Chocolate Cake Bites image

Treat your guests with these mouth-watering cream cheese cake candies made using Betty Crocker™ Super Moist™ devil's food cake mix - a refrigerated dessert.

Provided by Betty Crocker Kitchens

Categories     Dessert

Time 3h20m

Yield 66

Number Of Ingredients 5

1 box Betty Crocker™ Super Moist™ devil's food or milk chocolate cake mix
Water, vegetable oil and eggs called for on cake mix box
3/4 cup Betty Crocker™ Rich & Creamy chocolate or milk chocolate frosting
20 oz chocolate-flavored candy coating (from two 16-oz packages)
Assorted candy sprinkles

Steps:

  • Heat oven to 350°F. Make and bake cake as directed on box for 13x9-inch pan. Cool completely, about 1 hour.
  • In large bowl, crumble cake. Add frosting; mix well. Roll into 1-inch balls; place on wax paper-lined cookie sheet. Freeze about 45 minutes or until firm.
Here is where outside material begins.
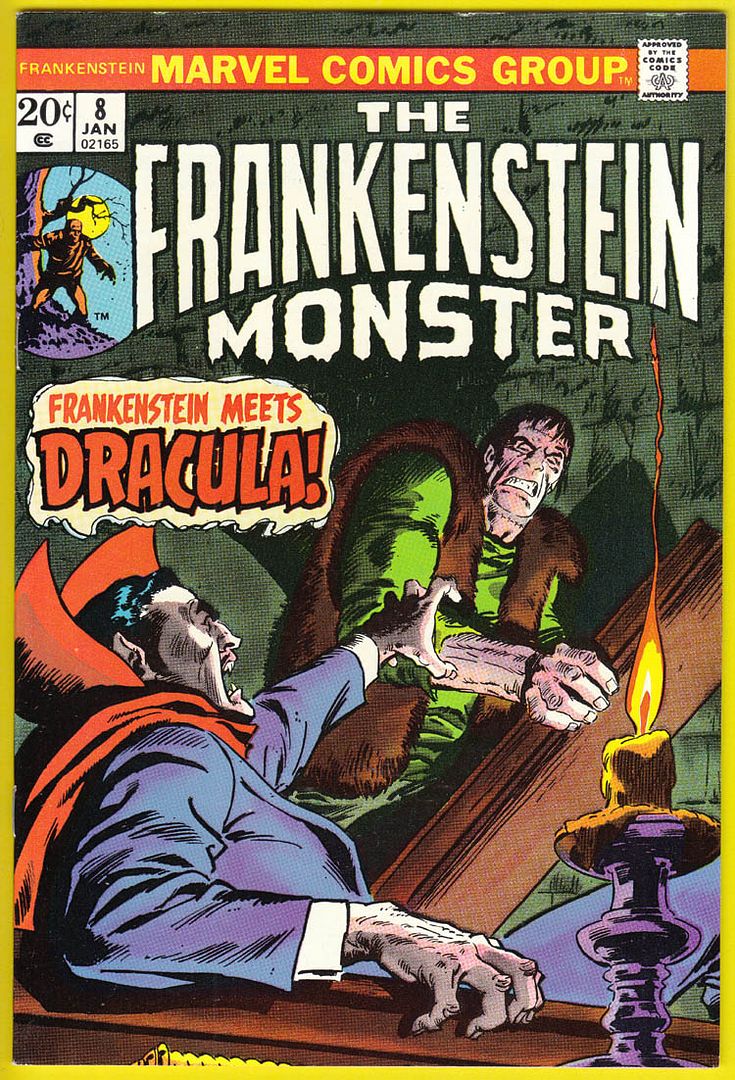 Frankenstein8.jpg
Refrigerate to keep chilled.
  • In 1-quart microwavable bowl, microwave 8 oz of the candy coating uncovered on High 1 minute 30 seconds; stir. Continue microwaving and stirring in 15-second increments until melted and smooth.
  • Remove one-third of the balls at a time from refrigerator. Using 2 forks, dip and roll 1 ball at a time in coating. Place on wax paper-lined cookie sheet; immediately decorate with sprinkles. Refrigerate cake balls about 10 minutes or until coating is set. Melt remaining candy coating in 6-oz batches; dip remaining balls. (Reheat coating in microwave if it is too thick to coat.) Serve at room temperature. Store in airtight container.
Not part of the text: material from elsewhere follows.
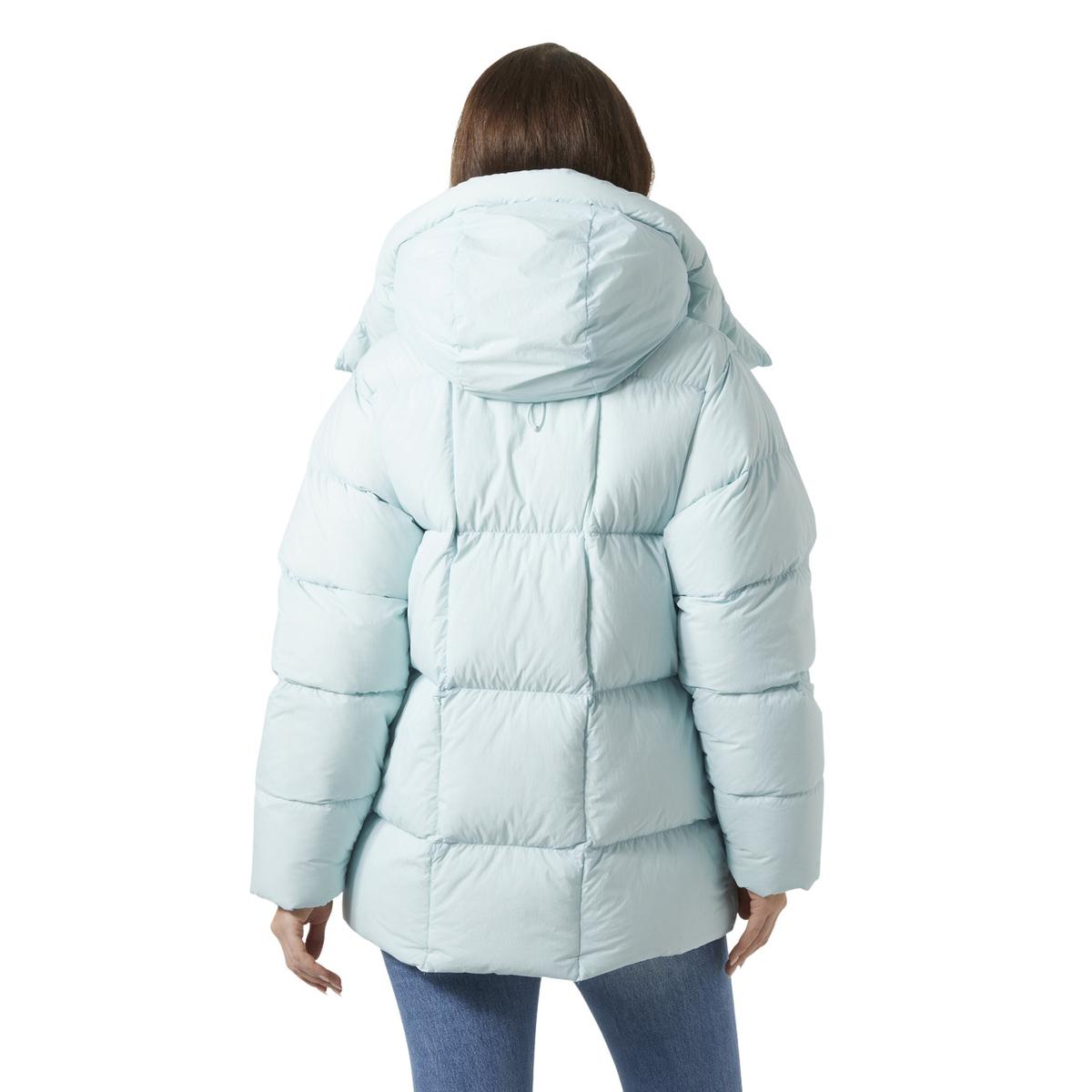 product/h/e/helly-hansen_53075-537_barely-blue_1.jpg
Nutrition Facts : Calories 100, Carbohydrate 12 g, Cholesterol 10 mg, Fat 1, Fiber 0 g, Protein 1 g, SaturatedFat 2 1/2 g, ServingSize 1 Cake Bite, Sodium 75 mg, Sugar 10 g, TransFat 0 g

CHOCOLATE-COVERED FRUITCAKE BALLS



Chocolate-Covered Fruitcake Balls image

Categories     Food Processor     Chocolate     Dessert     Quick & Easy     Dried Fruit     Winter     Gourmet

Yield Makes about 24 confections

Number Of Ingredients 2

2 cups crumbled fruitcake
7 ounces fine-quality bittersweet chocolate, cut into bits

Steps:

  • In a food processor grind the fruitcake until it forms a ball, scoop up rounded teaspoons of it, and with dampened hands form them into balls. Let the balls stand, uncovered, in a jelly-roll pan lined with wax paper for 30 minutes. In a small metal bowl set in a saucepan of barely simmering water melt the chocolate, stirring until it is smooth, and remove the bowl from the pan. Balancing the fruitcake balls, 1 at a time, on the tines of a fork, dip them into the chocolate, letting the excess drip off, and transfer them to the wax paper, reserving the remaining chocolate for another use. Chill the balls for 30 minutes, or until the chocolate is hardened. The fruitcake balls keep, covered and chilled, for 1 week.

Tips:

  • To easily remove the fruitcake from the pan, line the pan with parchment paper before baking.
  • Make sure the chocolate coating is completely melted before dipping the fruitcake balls.
  • Use a variety of sprinkles, chopped nuts, or other toppings to decorate the dipped fruitcake balls.
  • Store the leftover fruitcake balls in an airtight container in the refrigerator for up to 2 weeks.

Conclusion:

Chocolate-covered fruitcake balls are a delicious and easy-to-make treat that is perfect for any occasion. They are a great way to use up leftover fruitcake, and they are also a fun and festive holiday treat. With a few simple ingredients and a little bit of time, you can easily create these delicious treats that are sure to be a hit with everyone who tries them.